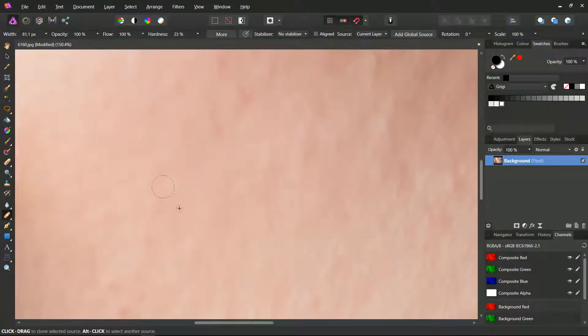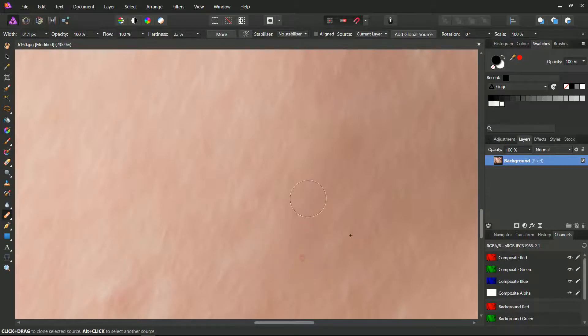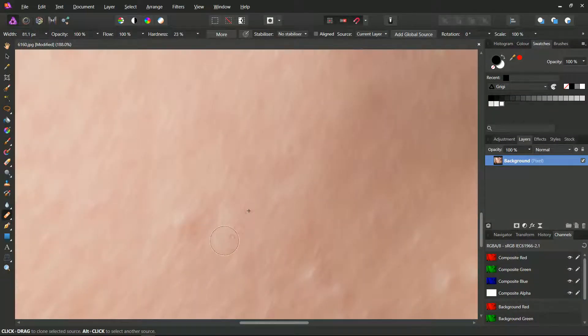With the healing brush tool you can amend clumps, spots, and wrinkles. You can blot every point in the surroundings and inside. In some cases you can brush along an area when possible.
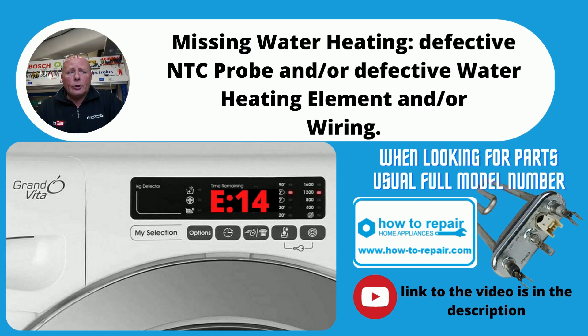E14 error code is either a defective heater, possibly an NTC sensor, or you may have broken wiring going to one of these components. It is possible that you may have a circuit board fault, but only on rare occasions.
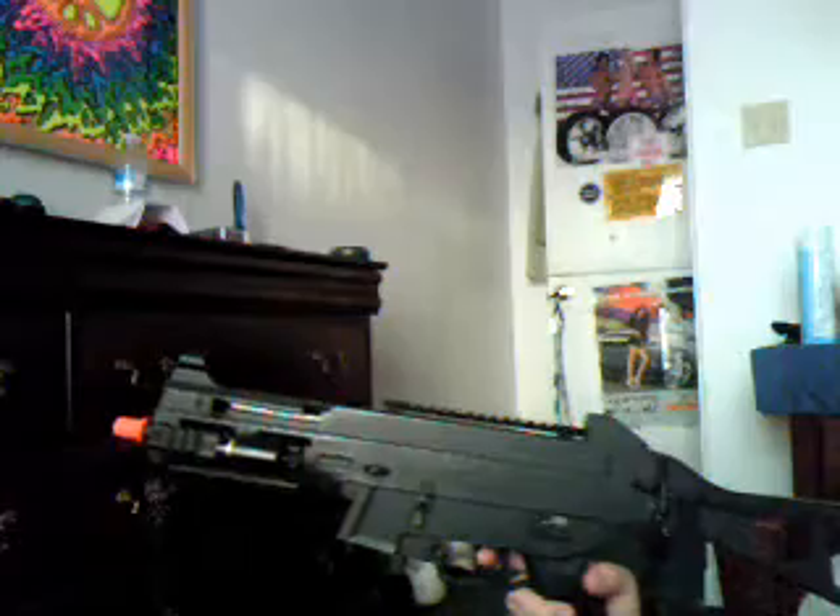Okay, my first gun is the TSD UMP AEG. Chrono, it shoots at about 325 feet per second. It has a total stock, full metal RIS on the top right here, that leads down to the rear sight which is an iron sight which is metal, and a front sight which is also metal.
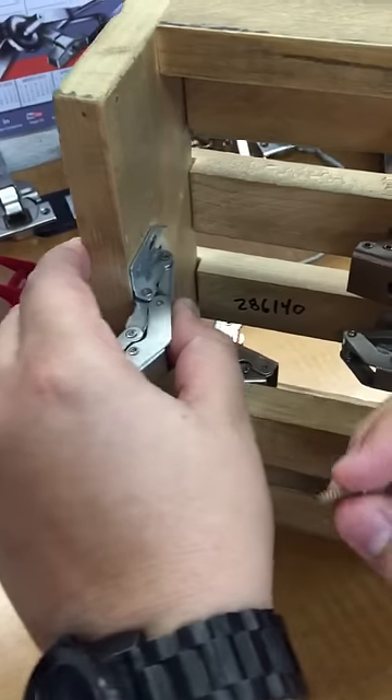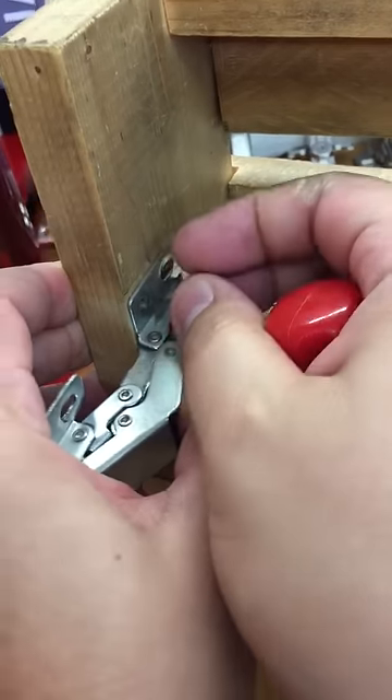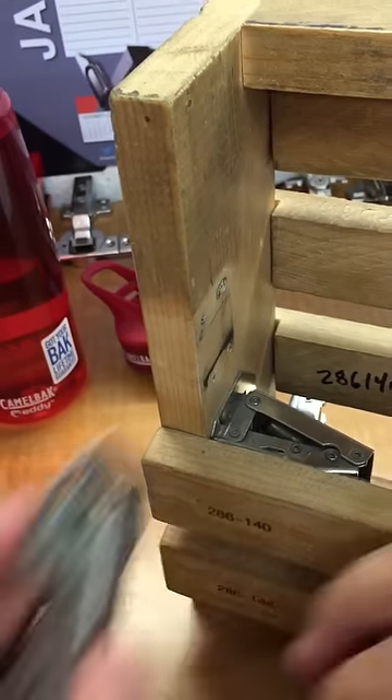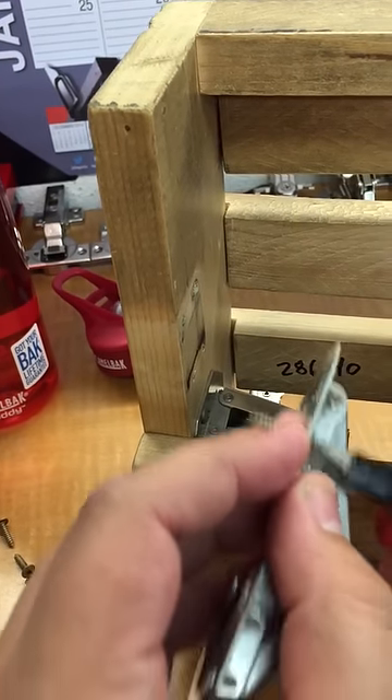Get closer on this so they can see how it installs. That's top to bottom along the barrel. And then the sides open, as you see in that photo, left to right all the way across.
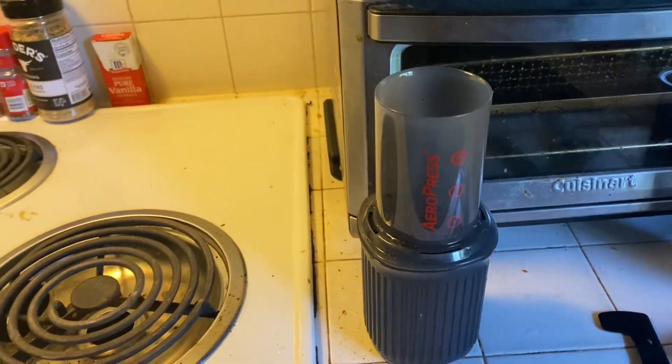It's basically like a shot of espresso. Now I'm going to let it sit for a little bit, and then I'll extract it.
+ + +
**What the task requires:**
Print the listing exactly, pictures excluded.

**Exercise result:**
With the healing brush tool you can amend clumps, spots, and wrinkles. You can blot every point in the surroundings and inside. In some cases you can brush along an area when possible.
E14 error code is either a defective heater, possibly an NTC sensor, or you may have broken wiring going to one of these components. It is possible that you may have a circuit board fault, but only on rare occasions.
Okay, my first gun is the TSD UMP AEG. Chrono, it shoots at about 325 feet per second. It has a total stock, full metal RIS on the top right here, that leads down to the rear sight which is an iron sight which is metal, and a front sight which is also metal.
Get closer on this so they can see how it installs. That's top to bottom along the barrel. And then the sides open, as you see in that photo, left to right all the way across.
It's basically like a shot of espresso. Now I'm going to let it sit for a little bit, and then I'll extract it.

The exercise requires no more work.